Incredibly, we can see this thought process in the model, and it comes directly from the reinforcement learning process. This is why, as the token sequence gets longer, they are thinking and trying different approaches.

This is also why accuracy improves when solving problems. What we see here are those "Aha" moments, different strategies, and some thoughts on how to ensure the right answer is obtained.

ChatGPT, some of them like o1, o3-mini, o3-mini-high, etc., use advanced reasoning techniques. The phrase "use advanced reasoning" means they are trained with reinforcement learning. Models like GPT-4 or GPT-4o mini, what you get in the free version should be considered mainly SFT models (supervised fine-tuning models); they don't actually think in the way RL models do. Although there is some reinforcement learning involved in these models, most of them are still SFT models.

Although the model generates these chains of thought in the background, OpenAI chooses not to display the detailed content of these chains of thought on the web interface but instead shows summaries of these chains. Part of the reason OpenAI does this is that they are concerned about so-called "distillation risks," meaning someone might attempt to restore reasoning performance by simply imitating these traces of reasoning. Therefore, they hide the detailed content and only show the summary. As a result, you won't get a complete reasoning process like with DeepSeek.

Then the model will write out the solution. So, even though we don't see all the backend details of these models, their performances are roughly equivalent.

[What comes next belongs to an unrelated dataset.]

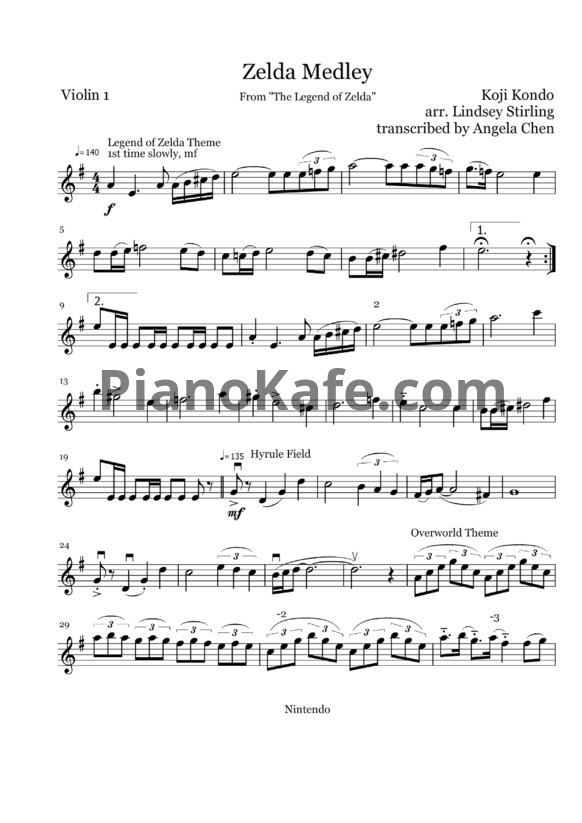 Ноты Lindsey Stirling - Zelda medley - PianoKafe.com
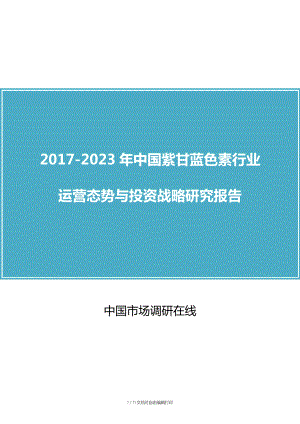 中国紫甘蓝色素行业运营报告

If you have questions requiring advanced reasoning, you may want to use some thinking models. In many simple cases, such as knowledge-based questions or similar ones, using a thinking model might be excessive; there's no need to think for 30 seconds for a factual question. Therefore, 80%-90% of the time, GPT-4 alone suffices, and when encountering more difficult problems like math or programming, you can choose the thinking model, but then you'll have to wait longer because they need time to think.

The Gemini 2.0 Flash Thinking Experimental in Google AI Studio can also be tried—it’s an early experimental thinking model from Google. We can input the same question here and click run; it's also a thinking model, and it will provide the correct answer. Basically, Gemini also offers a thinking model, while Anthropic currently does not, but this represents the cutting-edge development of these LLMs.

RL is like an emerging and exciting phase, but achieving accuracy in detail is challenging, which is why these models and thinking models remain experimental. By early 2025, they will still be in a very early stage. But this is the frontier area driving the performance improvement of these extremely difficult problems, utilizing the reasoning that emerges in these optimizations.